Ouagadougou - La justice burkinabè a lancé vendredi un mandat d’arrêt contre Guillaume Soro, le président de l’Assemblée nationale ivoirienne et ancien chef de la rébellion, une décision qui menace d’empoisonner les relations entre les deux pays voisins, fortement imbriqués à plusieurs niveaux.
Les présidents ivoirien Alassane Ouattara et burkinabè Roch Marc Christian Kaboré, fraîchement élu, cherchaient récemment à normaliser les relations alors que l’ancien chef d’Etat burkinabé, Blaise Compaoré, chassé par la rue en 2014, avait été un des principaux alliés de M. Ouattara.
Selon une source judiciaire burkinabè, "un mandat d’arrêt international a été lancé contre M. Soro dans le cadre de l’enquête sur le putsch (raté du 17 septembre) et les écoutes téléphoniques". Ces écoutes concernent une conversation, diffusée dans la presse en novembre, attribuée à Guillaume Soro et Djibrill Bassolé, ex-ministre des Affaires étrangères burkinabè (sous le régime de Compaoré).
Guillaume Soro et Djibrill Bassolé - ce dernier, qui fut un homme clé du régime Compaoré tombé en 2014, est actuellement emprisonné - ont tous deux nié depuis avoir eu cette conversation, dénonçant une "manipulation".
Dans l’enregistrement d’une quinzaine de minutes, les deux interlocuteurs envisagent la possibilité de soutenir le putsch (alors en cours) mené par le général Gilbert Diendéré, ancien bras droit de Compaoré et chef de Régiment de sécurité présidentielle (RSP), l’unité putschiste.
Officiellement, la Côte d’Ivoire n’a rien reçu de la part de la justice du Burkina, mais Moussa Touré, un proche conseiller de M. Soro, a réagi avec vigueur: "Si ce mandat était avéré, ce serait un acte hostile contre la Côte d’Ivoire et il ne resterait pas sans réponse", a-t-il déclaré, qualifiant le mandat "d’improbable".
"Nous avons été informés via les réseaux sociaux qu’un mandat d’arrêt contre le président de l’Assemblée nationale ivoirienne aurait été envoyé.
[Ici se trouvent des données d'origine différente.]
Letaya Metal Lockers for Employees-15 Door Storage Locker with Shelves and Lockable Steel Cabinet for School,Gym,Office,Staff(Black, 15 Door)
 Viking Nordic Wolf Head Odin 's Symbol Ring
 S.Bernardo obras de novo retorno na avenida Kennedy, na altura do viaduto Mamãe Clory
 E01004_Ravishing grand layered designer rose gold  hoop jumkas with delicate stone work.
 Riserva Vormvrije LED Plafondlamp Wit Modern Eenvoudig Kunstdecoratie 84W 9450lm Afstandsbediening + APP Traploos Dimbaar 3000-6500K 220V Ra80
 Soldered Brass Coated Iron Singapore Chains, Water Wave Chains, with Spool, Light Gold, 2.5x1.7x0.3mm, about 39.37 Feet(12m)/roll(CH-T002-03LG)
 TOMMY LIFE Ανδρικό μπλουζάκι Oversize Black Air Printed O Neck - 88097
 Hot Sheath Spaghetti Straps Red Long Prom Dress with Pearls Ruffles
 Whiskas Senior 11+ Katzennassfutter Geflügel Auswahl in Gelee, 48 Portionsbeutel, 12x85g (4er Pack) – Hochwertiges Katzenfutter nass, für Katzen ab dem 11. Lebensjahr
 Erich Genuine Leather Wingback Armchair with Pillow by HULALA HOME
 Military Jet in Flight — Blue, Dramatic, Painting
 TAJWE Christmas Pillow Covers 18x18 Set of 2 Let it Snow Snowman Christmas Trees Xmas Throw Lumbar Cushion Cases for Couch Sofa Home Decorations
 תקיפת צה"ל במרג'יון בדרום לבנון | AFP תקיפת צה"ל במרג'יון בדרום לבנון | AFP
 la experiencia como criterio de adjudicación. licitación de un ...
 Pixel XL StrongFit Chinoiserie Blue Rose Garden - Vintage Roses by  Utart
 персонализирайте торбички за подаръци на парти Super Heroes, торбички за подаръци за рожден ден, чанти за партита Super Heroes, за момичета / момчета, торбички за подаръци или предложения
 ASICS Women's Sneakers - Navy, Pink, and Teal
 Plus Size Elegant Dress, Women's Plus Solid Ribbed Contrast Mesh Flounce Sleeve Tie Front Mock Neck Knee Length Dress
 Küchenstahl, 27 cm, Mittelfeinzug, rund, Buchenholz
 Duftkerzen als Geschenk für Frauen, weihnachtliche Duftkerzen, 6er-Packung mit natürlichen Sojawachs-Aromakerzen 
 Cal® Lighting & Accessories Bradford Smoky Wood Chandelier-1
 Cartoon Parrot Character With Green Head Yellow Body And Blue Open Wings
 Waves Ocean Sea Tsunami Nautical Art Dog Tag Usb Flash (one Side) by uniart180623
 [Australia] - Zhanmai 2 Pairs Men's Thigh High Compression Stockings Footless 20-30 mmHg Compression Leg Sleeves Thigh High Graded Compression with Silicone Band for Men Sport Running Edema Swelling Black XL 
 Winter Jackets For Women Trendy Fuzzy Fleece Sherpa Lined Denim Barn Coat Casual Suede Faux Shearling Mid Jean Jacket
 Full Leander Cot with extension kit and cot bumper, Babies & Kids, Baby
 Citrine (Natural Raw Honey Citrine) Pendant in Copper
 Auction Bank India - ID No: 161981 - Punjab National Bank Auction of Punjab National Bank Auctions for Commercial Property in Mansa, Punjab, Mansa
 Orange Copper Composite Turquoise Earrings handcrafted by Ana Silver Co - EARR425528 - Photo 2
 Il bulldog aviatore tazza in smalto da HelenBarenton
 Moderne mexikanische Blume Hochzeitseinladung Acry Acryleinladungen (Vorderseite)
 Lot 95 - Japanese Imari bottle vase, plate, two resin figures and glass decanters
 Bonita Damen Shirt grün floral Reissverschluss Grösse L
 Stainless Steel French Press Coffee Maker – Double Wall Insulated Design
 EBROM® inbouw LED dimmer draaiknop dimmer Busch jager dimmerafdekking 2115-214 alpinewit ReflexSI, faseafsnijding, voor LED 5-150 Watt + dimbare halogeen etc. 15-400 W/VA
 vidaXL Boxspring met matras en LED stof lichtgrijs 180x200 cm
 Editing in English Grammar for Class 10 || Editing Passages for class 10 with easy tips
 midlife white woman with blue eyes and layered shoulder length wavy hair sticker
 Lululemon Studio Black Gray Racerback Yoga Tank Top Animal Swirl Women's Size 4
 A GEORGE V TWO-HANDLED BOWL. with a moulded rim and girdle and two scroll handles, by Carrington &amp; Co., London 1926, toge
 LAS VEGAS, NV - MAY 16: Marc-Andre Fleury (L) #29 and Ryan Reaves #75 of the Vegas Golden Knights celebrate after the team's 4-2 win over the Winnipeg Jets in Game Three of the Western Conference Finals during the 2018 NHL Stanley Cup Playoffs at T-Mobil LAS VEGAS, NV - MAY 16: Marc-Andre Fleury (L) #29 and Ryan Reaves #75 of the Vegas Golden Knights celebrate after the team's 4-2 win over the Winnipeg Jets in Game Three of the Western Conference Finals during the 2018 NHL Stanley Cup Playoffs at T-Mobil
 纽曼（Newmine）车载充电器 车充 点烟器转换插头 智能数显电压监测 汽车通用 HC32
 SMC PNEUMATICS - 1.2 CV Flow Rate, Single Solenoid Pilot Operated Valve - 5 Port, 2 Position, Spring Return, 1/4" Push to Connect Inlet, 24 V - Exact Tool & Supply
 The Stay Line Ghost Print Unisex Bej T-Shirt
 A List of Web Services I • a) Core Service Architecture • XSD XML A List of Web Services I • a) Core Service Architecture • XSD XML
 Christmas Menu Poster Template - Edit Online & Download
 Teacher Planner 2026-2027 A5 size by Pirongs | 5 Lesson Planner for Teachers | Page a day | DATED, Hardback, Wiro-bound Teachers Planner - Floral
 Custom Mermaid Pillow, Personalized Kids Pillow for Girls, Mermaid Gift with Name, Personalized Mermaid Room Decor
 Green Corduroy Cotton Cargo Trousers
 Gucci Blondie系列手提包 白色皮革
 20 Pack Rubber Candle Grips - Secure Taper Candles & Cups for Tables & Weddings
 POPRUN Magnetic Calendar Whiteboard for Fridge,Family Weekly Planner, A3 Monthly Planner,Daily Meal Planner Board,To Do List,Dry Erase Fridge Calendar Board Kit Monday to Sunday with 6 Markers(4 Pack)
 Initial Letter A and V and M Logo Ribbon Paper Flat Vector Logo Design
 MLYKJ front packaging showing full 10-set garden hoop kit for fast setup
La notification par les réseaux sociaux n’a pas de valeur juridique", a-t-il ironisé.
- Compaoré, ancien soutien de Ouattara -
En décembre, le commissaire du gouvernement (procureur militaire) du Burkina, le lieutenant-colonel Norbert Koudougou, avait toutefois indiqué que les enregistrements avaient été versés au dossier, soulignant qu’"un expert" serait chargé d’authentifier ou de discréditer ces écoutes. Début décembre, le
Premier ministre en exercice Isaac Zida avait affirmé à la radio privée Savane FM, que les enregistrements étaient "authentiques".
Ce mandat survient alors que la justice militaire du Burkina Faso, qui a aussi en charge le dossier du pustch, a lancé un autre mandat en décembre contre l’ex-président burkinabè Blaise Compaoré qui vit en exil en Côte d’Ivoire.
La justice burkinabè s’intéresse à son rôle dans la mort de l’ancien chef d’Etat Thomas Sankara, tué en 1987 lors du coup d’Etat qui le porta au pouvoir.
Pendant les fêtes de fin d’année, une photo prise dans l’est du pays du président ivoirien Ouattara aux côtés de Balaise Compaoré, qui a circulé dans la presse et les réseaux sociaux, a été interprétée par certains comme une marque de solidarité de M. Ouattara à M. Compaoré, un de ses principaux soutiens internationaux avant son élection et surtout lors de la crise postélectorale en Côte d’Ivoire en 2010-2011.
Signe du rapprochement voulu par Abidjan avec les nouvelles autorités à Ouagadougou, M. Ouattara s’était déplacé en personne fin décembre à l’investiture de M. Kaboré, ancien baron du régime Compaoré qu’il a quitté un an avant sa chute.
Vendredi, certains observateurs avouaient ouvertement leur "surprise" devant ce mandat d’arrêt alors que les deux présidents paraissaient sur la même longueur d’ondes.
M. Soro, qui a également fait l’objet en décembre d’un mandat d’amener français dans le cadre de la plainte d’un fils de l’ancien président Gbagbo, s’était défendu mi-décembre devant l’Assemblée nationale affirmant que ces écoutes étaient des "chimères" et qu’il était "victime d’une des pires campagnes de dénigrement et de calomnie".
Le 16 septembre, des soldats du RSP avaient pris en otage le président Michel Kafando et le gouvernement avant de proclamer le coup d’État le lendemain. La mobilisation des citoyens et de l’armée loyaliste avait conduit à l’échec du putsch une semaine plus tard.